▸ **TASK ITEM**: Everything from the line with "Once made will" down to the line with "History and Hermeneutics" below must be printed exactly, those two lines included. Exclude pictures.

▸ **DATASET ENTRIES**:
/---
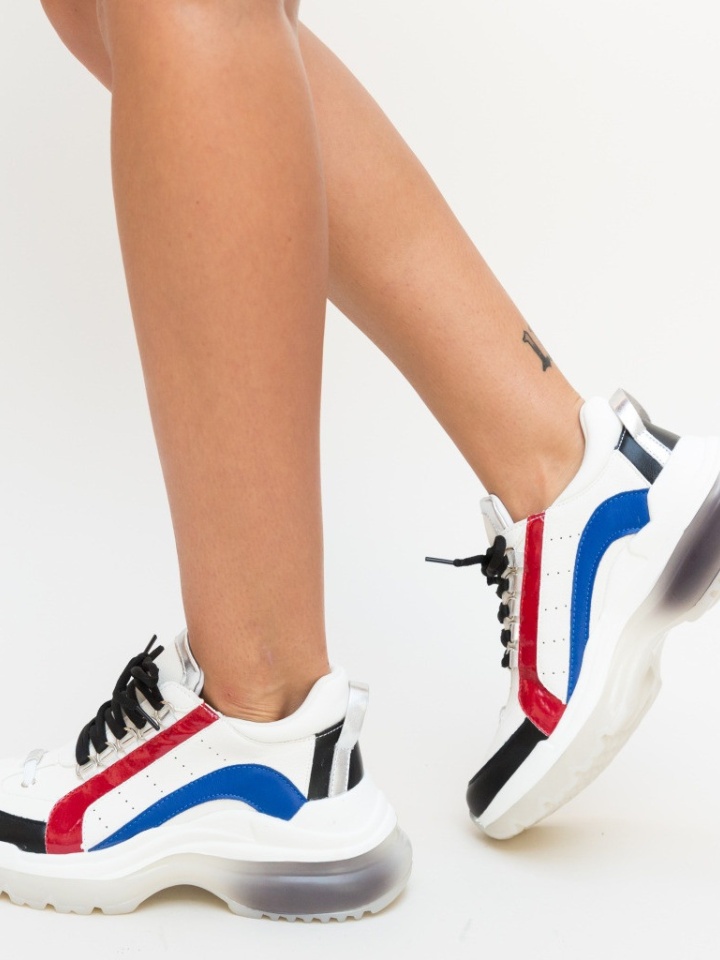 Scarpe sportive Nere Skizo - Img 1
\---
/---
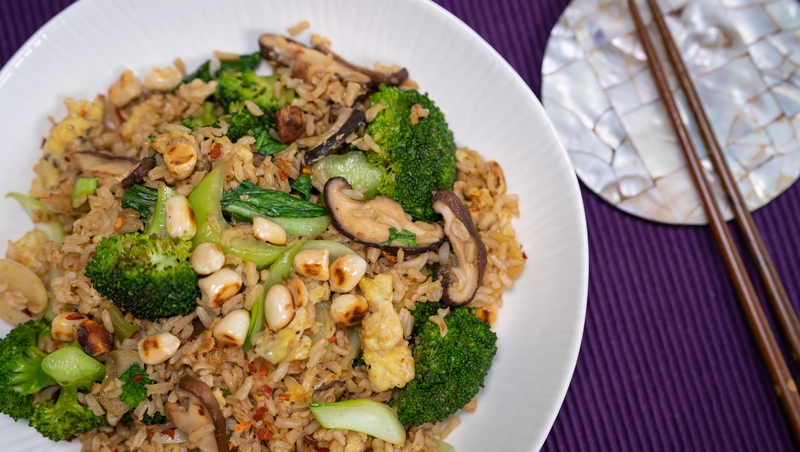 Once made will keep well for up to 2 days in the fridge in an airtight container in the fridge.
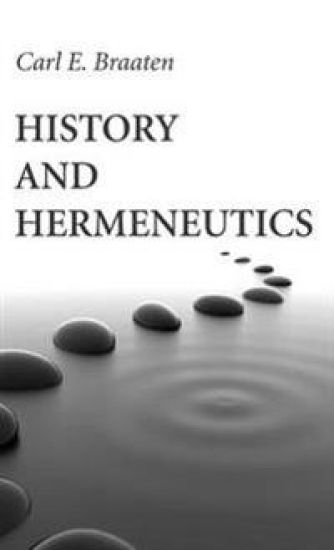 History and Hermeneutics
\---
/---
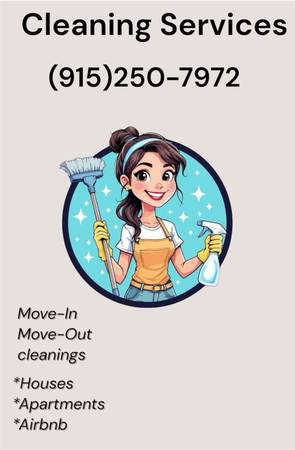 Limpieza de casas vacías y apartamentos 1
\---
▸ **TASK RESULT**:
 Once made will keep well for up to 2 days in the fridge in an airtight container in the fridge.
 History and Hermeneutics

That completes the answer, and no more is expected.